═════ Dataset

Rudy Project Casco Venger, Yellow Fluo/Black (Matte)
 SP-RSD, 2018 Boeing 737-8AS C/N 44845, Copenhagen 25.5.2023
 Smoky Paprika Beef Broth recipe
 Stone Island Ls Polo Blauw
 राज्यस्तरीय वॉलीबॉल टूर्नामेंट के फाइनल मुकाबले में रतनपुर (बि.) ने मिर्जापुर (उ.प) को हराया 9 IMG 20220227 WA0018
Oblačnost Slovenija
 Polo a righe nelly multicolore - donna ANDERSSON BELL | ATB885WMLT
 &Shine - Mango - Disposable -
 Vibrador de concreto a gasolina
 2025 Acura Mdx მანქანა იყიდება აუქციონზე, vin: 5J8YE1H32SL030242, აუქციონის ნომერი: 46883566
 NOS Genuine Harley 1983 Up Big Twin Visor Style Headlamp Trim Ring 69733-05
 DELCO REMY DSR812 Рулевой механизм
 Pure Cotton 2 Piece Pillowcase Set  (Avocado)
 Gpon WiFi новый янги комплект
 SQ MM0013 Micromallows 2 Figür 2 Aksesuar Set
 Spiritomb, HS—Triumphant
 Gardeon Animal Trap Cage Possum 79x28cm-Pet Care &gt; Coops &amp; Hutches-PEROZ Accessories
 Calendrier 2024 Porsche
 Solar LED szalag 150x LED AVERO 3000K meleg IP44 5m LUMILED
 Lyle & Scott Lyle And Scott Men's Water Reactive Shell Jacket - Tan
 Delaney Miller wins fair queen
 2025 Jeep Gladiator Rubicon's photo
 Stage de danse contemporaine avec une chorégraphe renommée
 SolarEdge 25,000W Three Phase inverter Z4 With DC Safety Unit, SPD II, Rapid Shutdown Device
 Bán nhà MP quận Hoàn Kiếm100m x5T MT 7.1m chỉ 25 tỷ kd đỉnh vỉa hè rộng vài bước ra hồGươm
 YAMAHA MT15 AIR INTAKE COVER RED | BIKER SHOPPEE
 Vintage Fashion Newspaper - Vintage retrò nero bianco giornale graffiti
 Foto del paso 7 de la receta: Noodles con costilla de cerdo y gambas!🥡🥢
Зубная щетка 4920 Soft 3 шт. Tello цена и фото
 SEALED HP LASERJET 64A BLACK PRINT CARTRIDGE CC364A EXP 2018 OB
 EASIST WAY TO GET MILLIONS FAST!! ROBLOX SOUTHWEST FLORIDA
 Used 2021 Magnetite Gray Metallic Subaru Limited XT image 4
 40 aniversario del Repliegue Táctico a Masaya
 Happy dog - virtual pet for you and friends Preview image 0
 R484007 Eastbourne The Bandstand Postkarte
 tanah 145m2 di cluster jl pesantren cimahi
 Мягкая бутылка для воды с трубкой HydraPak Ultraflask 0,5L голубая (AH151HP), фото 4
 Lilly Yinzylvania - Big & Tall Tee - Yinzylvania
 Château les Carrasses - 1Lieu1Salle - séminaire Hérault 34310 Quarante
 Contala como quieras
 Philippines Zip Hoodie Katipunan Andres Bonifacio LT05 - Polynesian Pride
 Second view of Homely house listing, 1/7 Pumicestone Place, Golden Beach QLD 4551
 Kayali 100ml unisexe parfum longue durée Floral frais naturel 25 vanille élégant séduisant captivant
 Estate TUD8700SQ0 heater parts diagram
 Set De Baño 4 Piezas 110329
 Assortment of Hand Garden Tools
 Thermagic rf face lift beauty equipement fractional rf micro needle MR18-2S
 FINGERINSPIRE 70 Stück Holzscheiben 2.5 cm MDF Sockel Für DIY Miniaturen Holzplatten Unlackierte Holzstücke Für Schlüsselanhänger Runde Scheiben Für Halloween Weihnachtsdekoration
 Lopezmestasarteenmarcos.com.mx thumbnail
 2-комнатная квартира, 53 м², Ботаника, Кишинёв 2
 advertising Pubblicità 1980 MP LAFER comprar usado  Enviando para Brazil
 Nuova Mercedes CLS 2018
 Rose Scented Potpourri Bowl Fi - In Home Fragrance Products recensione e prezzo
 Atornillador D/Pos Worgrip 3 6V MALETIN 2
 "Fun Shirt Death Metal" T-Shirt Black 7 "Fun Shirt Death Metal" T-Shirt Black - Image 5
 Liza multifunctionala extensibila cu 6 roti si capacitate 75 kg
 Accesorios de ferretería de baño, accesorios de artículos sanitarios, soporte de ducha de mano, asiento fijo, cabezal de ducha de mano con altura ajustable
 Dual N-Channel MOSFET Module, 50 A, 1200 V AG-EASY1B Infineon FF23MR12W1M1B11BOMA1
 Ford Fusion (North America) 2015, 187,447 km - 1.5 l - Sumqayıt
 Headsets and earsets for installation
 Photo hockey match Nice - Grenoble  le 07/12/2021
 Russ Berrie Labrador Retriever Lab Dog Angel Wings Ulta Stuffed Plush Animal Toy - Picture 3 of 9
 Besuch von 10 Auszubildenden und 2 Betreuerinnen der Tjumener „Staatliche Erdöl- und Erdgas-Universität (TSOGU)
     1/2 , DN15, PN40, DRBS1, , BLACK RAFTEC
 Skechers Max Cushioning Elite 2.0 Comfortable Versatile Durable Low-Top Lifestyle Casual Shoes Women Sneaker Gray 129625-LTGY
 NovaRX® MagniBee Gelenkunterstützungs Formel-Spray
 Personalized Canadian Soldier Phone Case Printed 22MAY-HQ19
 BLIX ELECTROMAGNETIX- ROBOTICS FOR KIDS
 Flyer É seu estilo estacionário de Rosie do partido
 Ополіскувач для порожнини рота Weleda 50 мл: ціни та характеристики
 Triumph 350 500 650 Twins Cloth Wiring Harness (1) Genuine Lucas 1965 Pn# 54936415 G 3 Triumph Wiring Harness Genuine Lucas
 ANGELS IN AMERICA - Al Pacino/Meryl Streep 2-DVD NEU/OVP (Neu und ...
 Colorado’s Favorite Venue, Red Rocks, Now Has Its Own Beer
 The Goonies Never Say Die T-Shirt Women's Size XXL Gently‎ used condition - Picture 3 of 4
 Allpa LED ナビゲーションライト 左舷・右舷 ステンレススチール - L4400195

══════════

## Task goal
Across the entries, tally every line that contains the word "Animal" and report the sum by itself.

## Answer area
2